EXERCISE INSTRUCTIONS:
Please transcribe the data below in full, word for word, without the images.

AVAILABLE DATA:
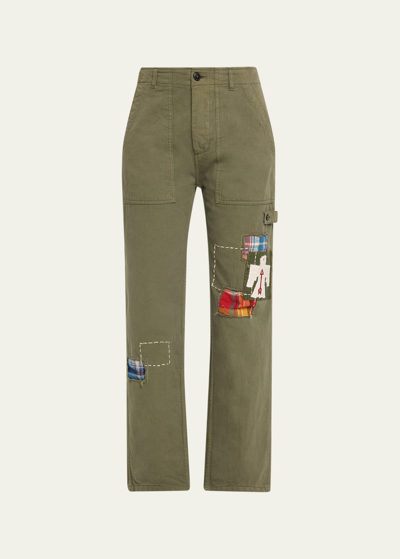 Fortela Jacey Appliquéd Herringbone Cotton Straight-leg Cargo Pants In Green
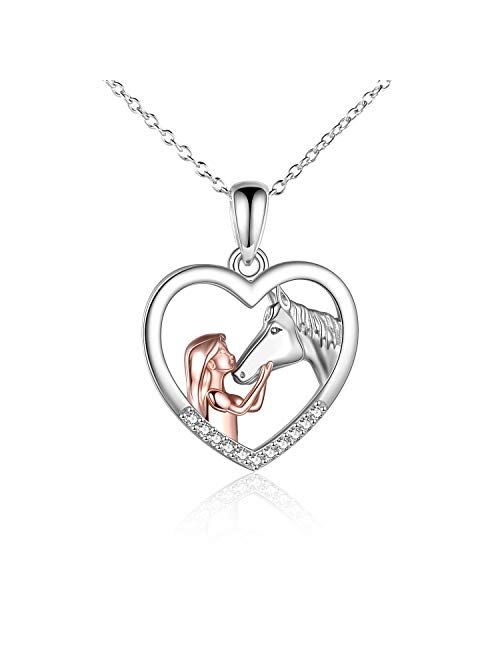 YFN Horse Pendant Necklace Sterling Silver Girls with Horse Gift For Women Girls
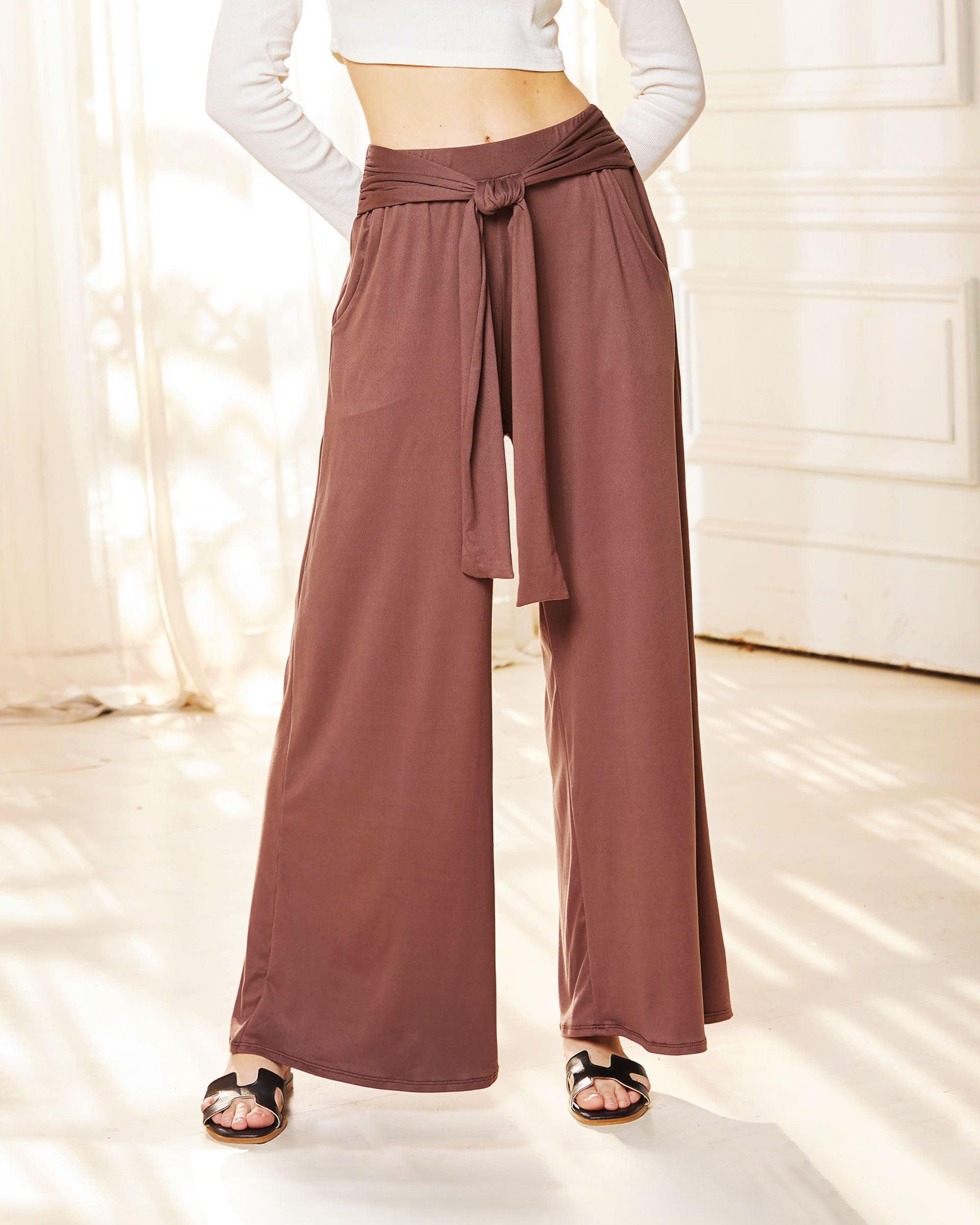 Brown High Waisted Wide Leg Pants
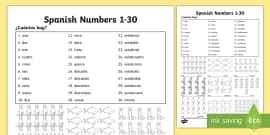 spanish numbers 0 20 display poster spanish spanish numbers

YOUR RESPONSE:
 Fortela Jacey Appliquéd Herringbone Cotton Straight-leg Cargo Pants In Green
 YFN Horse Pendant Necklace Sterling Silver Girls with Horse Gift For Women Girls
 Brown High Waisted Wide Leg Pants
 spanish numbers 0 20 display poster spanish spanish numbers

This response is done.